Milk Yield (MY): In the group of cows with a higher milk lactose concentration, we observed a significantly higher milk production (p < 0.001). The average MY in Group I (ML < 4.70%) was 12.94 (±3.75) kg/session, while in Group II (ML ≥ 4.70%), it was 15.43 (±3.85) kg/session. In cows with an ML of ≥4.70%, the MY was 16.14% higher compared to the group with an ML of less than 4.70%.

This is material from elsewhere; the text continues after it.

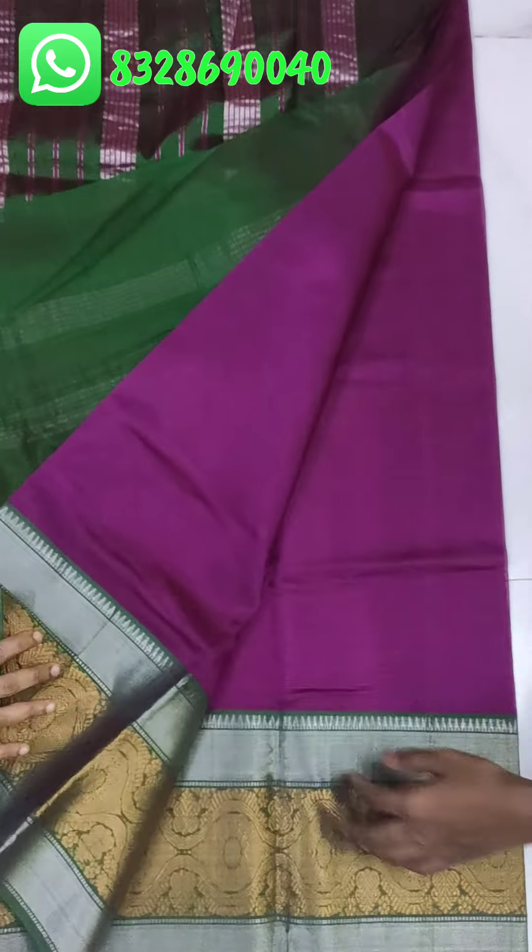This is the big kunchy border with silver border and gold border. This is the pallu — the blouse is contrasted with a big border and big kunchy border with silver border and gold border.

Milk protein (MP): We found a significant (p < 0.001) decrease of 5.05% in the milk protein concentration among cows with higher milk lactose concentrations. The average milk protein (MP) concentration in Group I (ML < 4.70%) was 3.33% (±0.04), while in Group II (ML ≥ 4.70%), it was 3.17% (±0.20).
Other Chews (OCs): We discovered that the parameter of OCs was significantly higher (p < 0.01), by 14.09%, in Group II (ML ≥ 4.70%) compared to Group I (ML < 4.70%). The average value of OCs in Group I was 163.24 (n/h) (±3.46), while in Group II, it was 190.02 (n/h) (±8.08).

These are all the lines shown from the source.